The three-dimensional structures of the T. cruzi and T. brucei HisRS homologs are very similar, reflecting the fact that they are 84% identical in sequence (Figures 1, ,2).2). The sequence identity between either trypanosomal HisrRS and previously studied bacterial homologs is on the order of 25% in the catalytic domain and lower elsewhere. The entire trypanosomal HisRS protein is visible in the crystal structures with the exceptions of the N-terminus, which was truncated in the expressed proteins to begin at residue 45 (T. cruzi numbering), and residues 456–467 near the C-terminus of the anticodon binding domain. Residues 158–164 of the conserved Class II aaRS motif 2 are well-ordered in the apo structure and in the histidyladenylate complex, but are not visible in the higher resolution histidine complex. Conversely, residues 220–241, comprising the first half of the insertion domain, are poorly ordered in the apo structure but are well-defined in the ligand-bound structures. The overall folds of the catalytic and anticodon binding domains are as previously seen in the well-studied bacterial homologs, although there are differences among the residues forming the active site that will be discussed separately below. The catalytic and anticodon binding domains are connected by an extended stretch of residues, 376–383, following the Class II motif 3.

Figure 1
The dimer of T. cruzi HisRS with bound histidyladenylate
Figure 2
Sequence alignment of HisRS from T. brucei and T. cruzi with the human cytosolic (HARS) and mitochondrial (HARS2) homologs, and with the E. coli homolog

All HisRS sequences are characterized by an additional domain inserted between conserved motifs 2 and 3 of the Class II catalytic core. The insertion tends to be larger in eukaryotes than in prokaryotes. Sequence conservation across eukaryotic, archaeal, and prokaryotic insertions is low, but within eukaryotes it is higher.
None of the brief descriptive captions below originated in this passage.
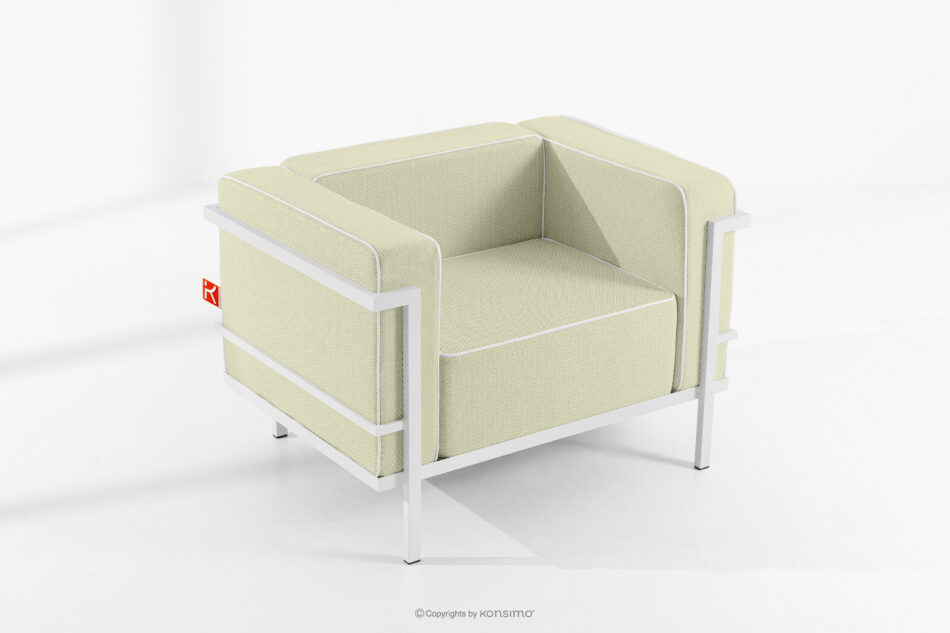 TRIGLO Zestaw mebli ogrodowych 2x fotel, sofa dwuosobowa, stolik biały/jasny zielony/biały biały/jasny zielony/biały - zdjęcie 17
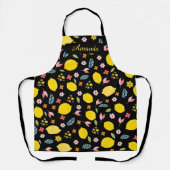 Tablier Citrons et fleurs, nom personnalisé (Recto)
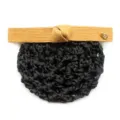 Professional hair net bun cover with yellow corduroy bow, elegant workplace hair accessory. - Ginger Coarse Net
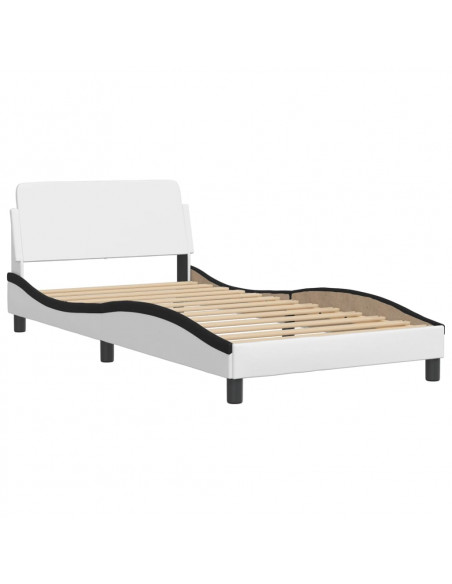 Letto con Materasso Bianco e Nero 100x200 cm in Similpelle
The trypanosomal and human HisRS sequences are roughly 30% identical in this region (Figure 2). The insertion domain has been proposed to play a role in tRNA recognition21,10, but no specific model has been developed. The present work reveals that the eukaryotic and prokaryotic insertion domains have very different three dimensional structures (Figure 3). After superposition of the structurally similar eukaryotic and prokaryotic core domains, there is no evident correspondence in the position of any of the secondary structural elements belonging to their respective insertion domains. Given the divergence of both sequence and structure in this region, it seems unlikely that a single model for interaction between the insertion domain and tRNA would apply to both prokaryotic and eukaryotic HisRS.

Figure 3
The insertion domain of eukaryotic and bacterial HisRS structures

The N-terminus of some eukaryotic HisRS folds into a 2-helix bundle (WHEP domain)15,22. Truncation of the 60 N-terminal residues from human HisRS results in an inactive protein as measured by production of His-tRNAHis 23, but it is not clear whether this is due to loss of the 45-residue WHEP domain or to the absence of the following 15 residues belonging to the start of the catalytic domain. Both of the trypansomal proteins in the present work were N-terminal truncations equivalent to removal of only the WHEP domain. The 44-residue N-terminal truncation of the T. cruzi HisRS studied here retains the ability to activate histidine, but was not assayed for its ability to charge tRNAHis. Although it is obviously not present in the crystal structures, we were interested to see if there is evidence for a WHEP-equivalent domain at the N-terminus of the trypanosomal HisRS. There is less than 10% sequence identity between the trypanosomal and human sequences in the first 46 residues, corresponding to the two helices of the human WHEP domain (Figure 2). To evaluate the likelihood that the trypanosomal HisRS N-terminus also forms a helical bundle, we examined the trypanosomal sequences for helix propensity. Two different secondary structure predictors indicate a strong propensity for helix formation from residues 10–21 (Jpred24) or 5–28 (Porter25) but do not predict a second helical region that would pair with the first to form a WHEP-like 2-helix bundle. Equivalent predictions were obtained for the N-terminal sequence of the HisRS from Leishmania major, a related pathogenic protozoan.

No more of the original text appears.